Dialogare con gli altri vuole anche dire tener conto dei diversi aspetti che caratterizzano ognuna delle persone con cui si interagisce, i suoi tempi e la sua storia, le sue potenzialità e le sue inconsistenze. Ciò significa sintonizzarsi con il rispetto e la conoscenza reciproca, piuttosto che con l’imposizione costrittiva.
Questo lavoro attentivo modella il modo di pensare, di agire e di rapportarsi con gli altri, ma facilita anche l’espressione della diversità e delle ricchezze di cui l’altro è portatore.


Verso una progettualità di una formazione integrale


Lungo il percorso di crescita che caratterizza l’intero arco dell’esistenza, la persona è chiamata ad appassionarsi per un progetto di vita aperto ai valori esistenziali che l’orientano verso la piena realizzazione di sé, rispondendo all’appello che Dio gli rivolge. Il compito educativo di cui parlano i vescovi non è episodico o occasionale, ma è un percorso continuativo, impostato secondo una prospettiva dialogica permanente.
Dinanzi alla complessità di tale lavoro, si sente la necessità di un profondo cambiamento che prenda spunto da una nuova consapevolezza che la questione educativa esige un continuo rinnovamento. «L’educazione, infatti, se è compito di sempre, si presenta ogni volta con aspetti di novità» (OR, 2010, n. 53). Questo bisogno di rinnovamento serve a raggiungere dei fini condivisi, a volte attraverso il dialogo e l’ascolto reciproco, a volte assumendosi la responsabilità delle proprie scelte. In questo senso, ognuno ha una responsabilità educativa da riscoprire e da alimentare, perché questa corresponsabilità sostiene tutti a procedere insieme verso la realizzazione del progetto comune.
Programmare tale itinerario significa tradurlo nei vissuti quotidiani, con delle tappe specifiche verificabili lungo il percorso, per rendere operativo il lavoro di discernimento e di integrazione tra ideali e realtà quotidiana. «Nell’ottica della corresponsabilità educativa della comunità ecclesiale, andrà condotta un’attenta verifica delle scelte pastorali sinora compiute » (OR, 2010, n. 53). Strada facendo, la chiarezza di tale impostazione diventa un metodo formativo che la persona può interiorizzare, e che caratterizzerà l’intera sua esistenza.
In ogni ambito in cui gli evangelizzatori operano (religiosi, religiose, sacerdoti, catechisti, papà e mamme di famiglia, giovani, anziani…), il processo formativo sarà un lavoro continuativo: nella pastorale, nelle comunità religiose, nella formazione dei propri membri, nel lavoro, sulla strada, ecc.
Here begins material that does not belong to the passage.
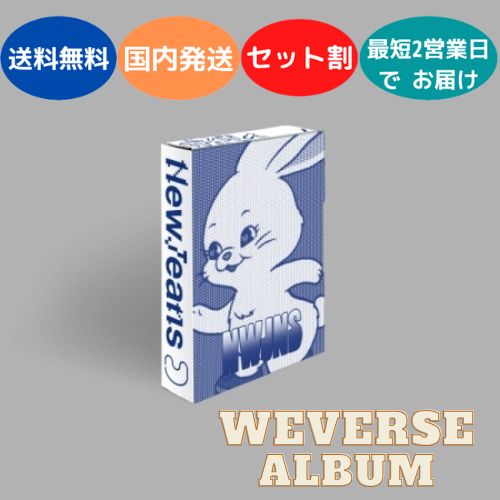 韓国 BTS weverse シンハンカード イベント メタルプレート カード www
Il cammino di maturazione che ne consegue diventa così un compito aperto e una continua riscoperta della propria vocazione, in un clima di fiducia verso coloro che hanno il ruolo di discernere i segni della forza creatrice dello Spirito, con la certezza che ogni vocazione è un dono da accogliere e da accudire continuamente. Allora sì che l’azione educativa sarà efficace, perché ognuno vi potrà partecipare con il proprio vissuto esperienziale, sotto la guida di chi, non solo è compagno di viaggio ma è anche testimone e maestro di vita, in un percorso che è frutto di una consapevolezza nuova, che coinvolge tutti ad essere famiglia di Dio.